Filed under: History & RV & Travel by Erin on 8/6/2008

Our time in Oregon is officially over, we are now exploring Washington, the only state in the country named after a President. The name first came into use in 1853 when Washington Territory was split out of the existing Oregon Territory. Originally much larger, Washington Territory included parts of what are now Idaho and Montana. Washington was reduced to its current size when it was admitted to the Union in 1889 as the 42nd state.

The state of Washington shares much of its early history with that of Oregon. As I’ve mentioned in previous posts, Oregon Country was at one time claimed by both the Spanish and British empires. In 1775 Captain Don Bruno de Heceta claimed the area for Spain, but Spain was too busy in the southern part of the continent to establish much of a presence. In 1778 Captain James Cook sailed the coastal waters, followed shortly by several other British sailors. The Spanish also sent more ships north and in the 1790s the north coast became quite crowded with British, Spanish, and American ships. All three of the countries were hoping to find the rumored Northwest Passage, since it was widely believed that whoever owned the Passage would dominate world trade.

The British soon forced Spain to leave the area, which left the fledgling United States as the crown’s only competitor. As it had done during the Revolutionary War, Britain underestimated the young country. It just so happened that in 1792 Captain Robert Gray, an American, was the first to discover and successfully sail up the Columbia River. Unluckily for the country, Gray, a merchant sailor, neglected to claim the watershed, and British captain George Vancouver immediately sent one of his men to claim it for the crown. Yet Gray’s trip gave the U.S. a claim to the area based on “right of discovery.” In 1811 another American merchant strengthened the U.S. claim with the establishment of a small fur trading post in Oregon Country, called Astoria.

Through skillful negotiations the U.S. not only bought vast holdings from France—the Louisiana Purchase in 1803—but also Spain’s territorial rights to the northern section of the continent in 1819. All that remained in the way of “Manifest Destiny” was Britain, whose primary occupying force was the Hudson’s Bay Company. HBC, which operated with government authority by rights of a royal charter, had no interest in giving up their fur-rich territory that they called the Columbia District. An 1818 agreement between the two countries allowed for joint occupancy of what the Americans called Oregon Country. HBC officials attempted to thwart American settlement of the region by over-trapping the area’s fur-bearing animals and by forbidding HBC trading posts to do business with them.

HBC’s main outpost in the Oregon Country was established by Dr. John McLoughlin in 1824 on the north side of the Columbia River near the mouth of the Willamette. Named Fort Vancouver after the British sailing captain, the fort grew to control 34 outposts, 24 ports, 6 ships and over 600 employees. It was the dominant force in the region, and the Fort also enjoyed relatively good relations with the native people in the area. Though there was a legal agreement to share the area, HBC policy might have deterred Americans if their Chief Factor at Fort Vancouver hadn’t disobeyed orders.

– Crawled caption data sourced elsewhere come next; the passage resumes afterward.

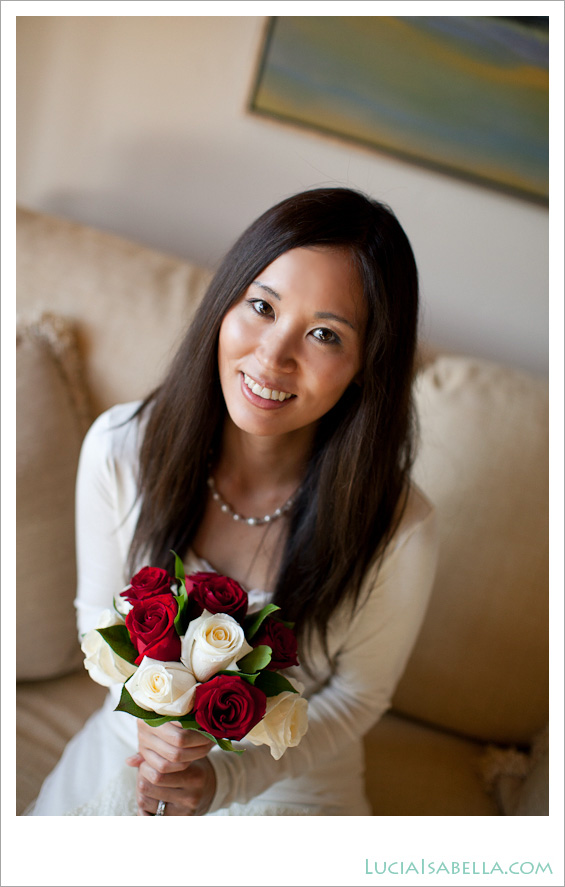 16-Pelican-Hill-Golf-Club-Wedding-Portrait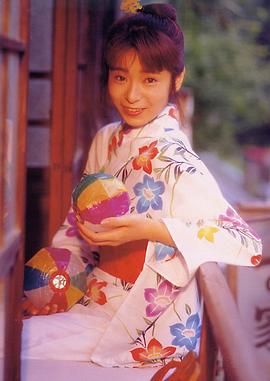 小林美和子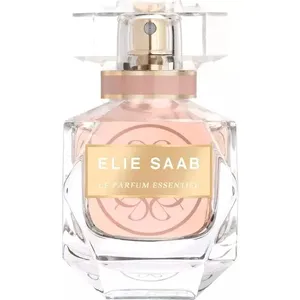 Elie Saab Le Parfum Essentiel parfüm şişesi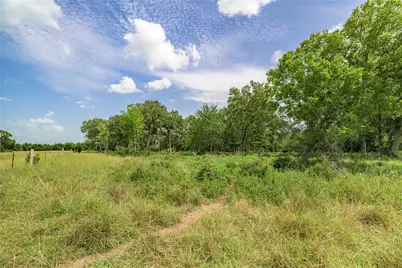 6700 Wahalla Road, Round Top, TX 78954 - Photo 9
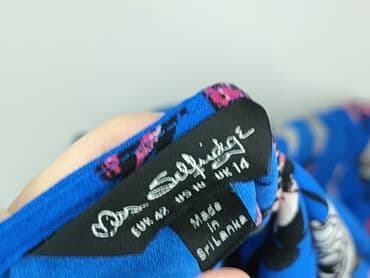 sukienki na wesele sieciowka: George, Sukienka damska, rozmiar M — 5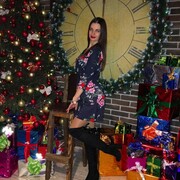 ���������� ���������, ���� ������� ���, 28 ���, ������������ ��� ������, ����� � ���������, ���������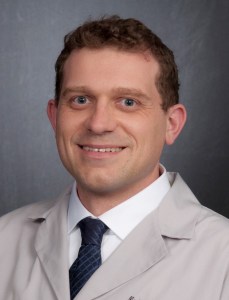 Dr. Wrzosek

McLoughlin was by all accounts a kind, fair, and successful administrator. His fort was surrounded by various tribal peoples and was in the middle of territory coveted by American settlers, yet Fort Vancouver was never attacked. A testament perhaps to McLoughlin’s skills as a negotiator. Relations between the U.S. and Britain were strained when the first American wagon train full of settlers arrived at the fort in 1841. Defying orders to the contrary, McLoughlin welcomed the settlers into the fort and allowed them to purchase provisions. It was a calculated risk since there was every reason to believe that the incoming Americans would attack the Fort if they weren’t able to acquire desperately needed supplies.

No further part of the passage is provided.